In January 2021, Bravo Transport, parent company of operators Citybus and New World First Bus, sold most of its stake in Octopus Holdings Limited to MTR Corporation, and the small remainder to another company.

==Company restructure==
Prompted by the business expansion of the Octopus card, Octopus Holdings Limited was formed in 2005 after a company restructure of Octopus card operator Octopus Cards Limited. The Octopus card is used by card holders as an electronic payment system, and as such, the Octopus card system is considered a commercial business and is regulated by the Hong Kong Monetary Authority. The non-commercial businesses of the company, such as the consumer rewards program, consumer market research, and investment holdings, on the other hand, are not subjected to such regulations. The company restructure placed Octopus Cards Limited as a subsidiary of Octopus Holdings Limited, while the non-payment businesses of the company were placed under other subsidiaries, such that its payment businesses are independent of its non-payment businesses. Additionally, Octopus Holdings Limited has also expanded the use of the Octopus card system internationally, operating its businesses outside Hong Kong under a subsidiary.

==Subsidiaries==
There are five wholly owned subsidiaries of Octopus Holdings Limited.
- Octopus Cards Limited operates the Octopus card in Hong Kong as an electronic payment system.
- Octopus Rewards Limited operates and develops Octopus Rewards, a consumer rewards programme for Octopus card customers.
- Octopus International Projects Limited provides international consultancy services for automatic fare collection systems.
- Octopus Investments Limited is an investment holding company.
- Octopus China Investments Limited is an investment holding company for China-related projects.

==Shareholding==
As of 2007, Octopus Holdings Limited is a joint-venture business owned by five transport companies in Hong Kong; 57.4% by the MTR Corporation, 22.1% by the Kowloon-Canton Railway Corporation, 12.4% by Kowloon Motor Bus, 5% by Citybus, and 3.1% by New World First Bus. Since the Government of Hong Kong owns 76.8% of the MTR Corporation (as of 31 December 2009) and wholly owns the Kowloon-Canton Railway Corporation, it is the biggest effective shareholder of Octopus Holdings Limited.

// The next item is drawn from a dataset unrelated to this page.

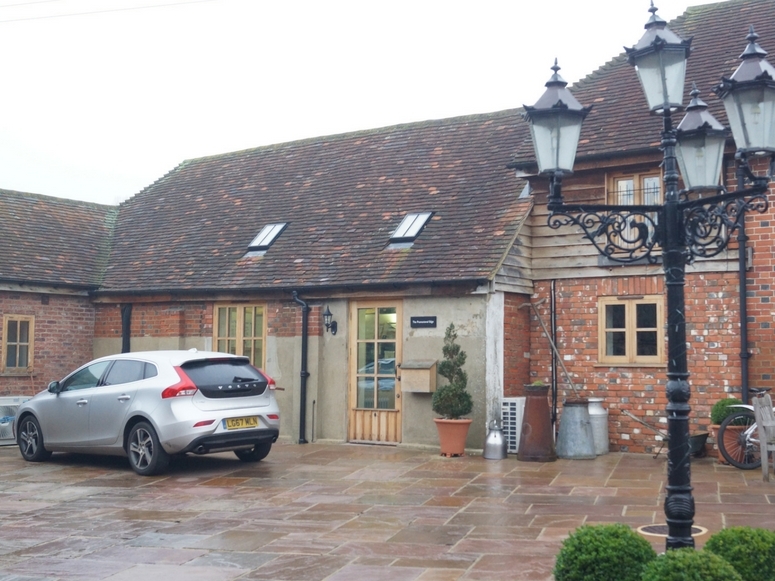 October 2018 - The Old Barn, Frosbury Farm, Gravetts Lane, Guildford, GU3 3JW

==Personal data controversy==

Chief executive Prudence Chan was under pressure to resign for having made inconsistent disclosures about the sale of personal data by one or more Octopus subsidiaries. Before a Legislative Council's finance affairs panel meeting, legislators from all parties accused her of attempting to mislead the public, thus precipitating a crisis of confidence in the company, and putting the company into disrepute.